AI codebase understanding checkpoint 48
Use AI codebase understanding as the page promise, then verify that AI codebase understanding is supported by the headline, the example, the internal links, the call to action, and the reader's next step. A strong AI codebase understanding page should explain who needs AI codebase understanding, what evidence is required before acting, and how RomantiCode reduces uncertainty for founders, developers, cleanup specialists, and AI coding agents. Keep the AI codebase understanding checklist tied to a real workflow: inspect the codebase, map risky files, prepare context, compare options, and decide whether to audit, refactor, hire help, or continue with an AI assistant.
AI codebase understanding checkpoint 49
Use AI codebase understanding as the page promise, then verify that AI codebase understanding is supported by the headline, the example, the internal links, the call to action, and the reader's next step. A strong AI codebase understanding page should explain who needs AI codebase understanding, what evidence is required before acting, and how RomantiCode reduces uncertainty for founders, developers, cleanup specialists, and AI coding agents. Keep the AI codebase understanding checklist tied to a real workflow: inspect the codebase, map risky files, prepare context, compare options, and decide whether to audit, refactor, hire help, or continue with an AI assistant.

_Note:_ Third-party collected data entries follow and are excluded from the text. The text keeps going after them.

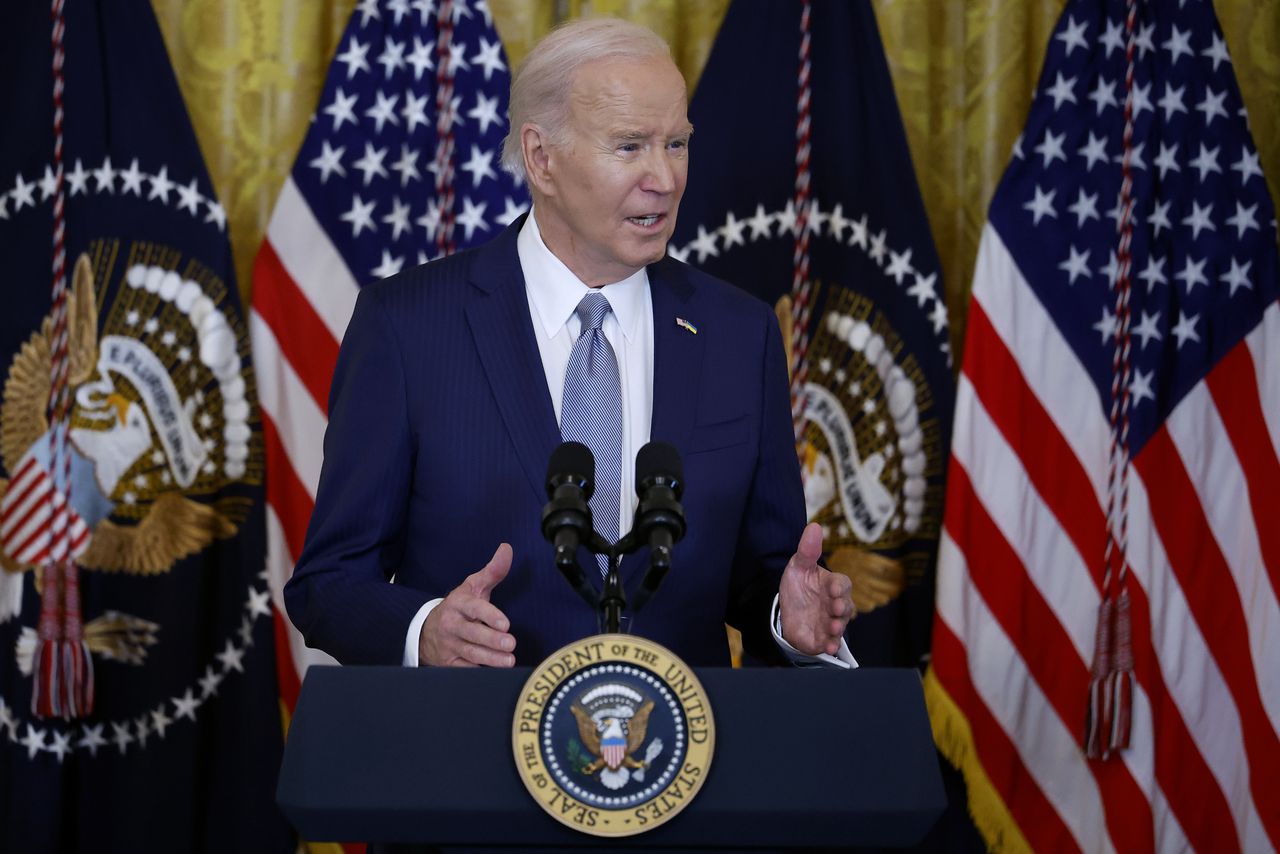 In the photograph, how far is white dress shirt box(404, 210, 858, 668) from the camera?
6.40ft

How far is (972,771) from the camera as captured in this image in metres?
3.24

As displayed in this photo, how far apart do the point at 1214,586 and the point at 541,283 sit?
1.95 metres

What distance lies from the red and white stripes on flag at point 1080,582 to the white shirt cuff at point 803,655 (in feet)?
4.90

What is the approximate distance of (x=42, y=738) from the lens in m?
3.18

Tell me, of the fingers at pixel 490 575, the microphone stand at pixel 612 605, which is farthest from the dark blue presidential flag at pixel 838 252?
the microphone stand at pixel 612 605

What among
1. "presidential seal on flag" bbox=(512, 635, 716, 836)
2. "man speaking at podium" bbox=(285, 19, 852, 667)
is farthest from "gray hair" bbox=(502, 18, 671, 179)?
"presidential seal on flag" bbox=(512, 635, 716, 836)

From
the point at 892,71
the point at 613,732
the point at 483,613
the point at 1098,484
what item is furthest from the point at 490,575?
the point at 892,71

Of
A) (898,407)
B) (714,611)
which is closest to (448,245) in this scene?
(898,407)

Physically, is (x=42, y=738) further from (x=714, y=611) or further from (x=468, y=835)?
(x=468, y=835)

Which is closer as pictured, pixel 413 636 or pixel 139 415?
pixel 413 636

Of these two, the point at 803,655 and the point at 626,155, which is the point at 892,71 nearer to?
the point at 626,155

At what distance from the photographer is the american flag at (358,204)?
10.8 feet

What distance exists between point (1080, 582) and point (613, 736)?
88.7 inches

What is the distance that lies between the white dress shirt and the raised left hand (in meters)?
0.31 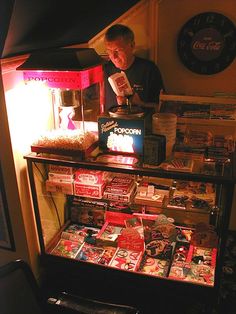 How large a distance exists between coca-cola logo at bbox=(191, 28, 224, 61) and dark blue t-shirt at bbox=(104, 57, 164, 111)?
0.34 metres

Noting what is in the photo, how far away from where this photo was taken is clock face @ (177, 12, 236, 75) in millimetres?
2459

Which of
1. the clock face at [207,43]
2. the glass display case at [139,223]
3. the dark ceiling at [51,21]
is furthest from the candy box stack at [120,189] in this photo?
the clock face at [207,43]

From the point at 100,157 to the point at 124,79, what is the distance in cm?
48

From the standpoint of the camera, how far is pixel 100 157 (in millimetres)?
1962

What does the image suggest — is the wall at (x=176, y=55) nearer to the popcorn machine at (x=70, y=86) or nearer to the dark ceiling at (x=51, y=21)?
the dark ceiling at (x=51, y=21)

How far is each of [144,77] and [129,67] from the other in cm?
15

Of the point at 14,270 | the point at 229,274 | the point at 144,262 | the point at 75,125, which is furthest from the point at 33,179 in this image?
the point at 229,274

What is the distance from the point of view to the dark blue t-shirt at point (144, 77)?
2637mm

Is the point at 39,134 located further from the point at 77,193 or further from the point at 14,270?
the point at 14,270

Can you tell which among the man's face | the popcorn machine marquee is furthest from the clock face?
the popcorn machine marquee

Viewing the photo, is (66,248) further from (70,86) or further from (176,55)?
(176,55)

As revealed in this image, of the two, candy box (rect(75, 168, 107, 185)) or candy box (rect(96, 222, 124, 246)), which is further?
candy box (rect(96, 222, 124, 246))

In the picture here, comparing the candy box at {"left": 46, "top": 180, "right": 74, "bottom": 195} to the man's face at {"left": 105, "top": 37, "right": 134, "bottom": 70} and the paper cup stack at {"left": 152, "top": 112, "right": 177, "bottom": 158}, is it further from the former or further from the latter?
the man's face at {"left": 105, "top": 37, "right": 134, "bottom": 70}

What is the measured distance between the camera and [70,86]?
5.96 feet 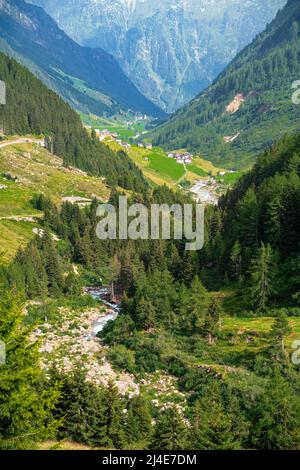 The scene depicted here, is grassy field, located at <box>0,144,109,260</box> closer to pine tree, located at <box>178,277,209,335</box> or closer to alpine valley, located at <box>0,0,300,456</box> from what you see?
alpine valley, located at <box>0,0,300,456</box>

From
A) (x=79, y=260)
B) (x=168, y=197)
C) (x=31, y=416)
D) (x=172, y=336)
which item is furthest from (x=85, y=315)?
(x=168, y=197)

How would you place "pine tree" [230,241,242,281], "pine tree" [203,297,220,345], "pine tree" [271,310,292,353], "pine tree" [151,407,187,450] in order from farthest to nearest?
"pine tree" [230,241,242,281] < "pine tree" [203,297,220,345] < "pine tree" [271,310,292,353] < "pine tree" [151,407,187,450]

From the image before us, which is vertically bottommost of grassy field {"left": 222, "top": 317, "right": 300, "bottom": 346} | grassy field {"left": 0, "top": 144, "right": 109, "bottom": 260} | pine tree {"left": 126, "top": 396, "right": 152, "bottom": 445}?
pine tree {"left": 126, "top": 396, "right": 152, "bottom": 445}

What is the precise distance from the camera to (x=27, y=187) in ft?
524

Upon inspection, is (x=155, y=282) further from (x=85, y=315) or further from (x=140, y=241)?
(x=140, y=241)

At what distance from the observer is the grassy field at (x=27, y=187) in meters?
129

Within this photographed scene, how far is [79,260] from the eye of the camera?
129875 millimetres

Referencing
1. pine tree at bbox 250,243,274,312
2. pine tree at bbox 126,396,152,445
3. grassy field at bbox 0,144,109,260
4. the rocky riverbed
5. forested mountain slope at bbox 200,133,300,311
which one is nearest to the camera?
pine tree at bbox 126,396,152,445

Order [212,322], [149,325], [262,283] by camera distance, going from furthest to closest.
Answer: [149,325] → [262,283] → [212,322]

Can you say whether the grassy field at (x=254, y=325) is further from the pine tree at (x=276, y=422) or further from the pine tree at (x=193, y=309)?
the pine tree at (x=276, y=422)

AI codebase understanding checkpoint 50
Use AI codebase understanding as the page promise, then verify that AI codebase understanding is supported by the headline, the example, the internal links, the call to action, and the reader's next step. A strong AI codebase understanding page should explain who needs AI codebase understanding, what evidence is required before acting, and how RomantiCode reduces uncertainty for founders, developers, cleanup specialists, and AI coding agents. Keep the AI codebase understanding checklist tied to a real workflow: inspect the codebase, map risky files, prepare context, compare options, and decide whether to audit, refactor, hire help, or continue with an AI assistant.
AI codebase understanding checkpoint 51
Use AI codebase understanding as the page promise, then verify that AI codebase understanding is supported by the headline, the example, the internal links, the call to action, and the reader's next step. A strong AI codebase understanding page should explain who needs AI codebase understanding, what evidence is required before acting, and how RomantiCode reduces uncertainty for founders, developers, cleanup specialists, and AI coding agents. Keep the AI codebase understanding checklist tied to a real workflow: inspect the codebase, map risky files, prepare context, compare options, and decide whether to audit, refactor, hire help, or continue with an AI assistant.
AI codebase understanding checkpoint 52
Use AI codebase understanding as the page promise, then verify that AI codebase understanding is supported by the headline, the example, the internal links, the call to action, and the reader's next step. A strong AI codebase understanding page should explain who needs AI codebase understanding, what evidence is required before acting, and how RomantiCode reduces uncertainty for founders, developers, cleanup specialists, and AI coding agents. Keep the AI codebase understanding checklist tied to a real workflow: inspect the codebase, map risky files, prepare context, compare options, and decide whether to audit, refactor, hire help, or continue with an AI assistant.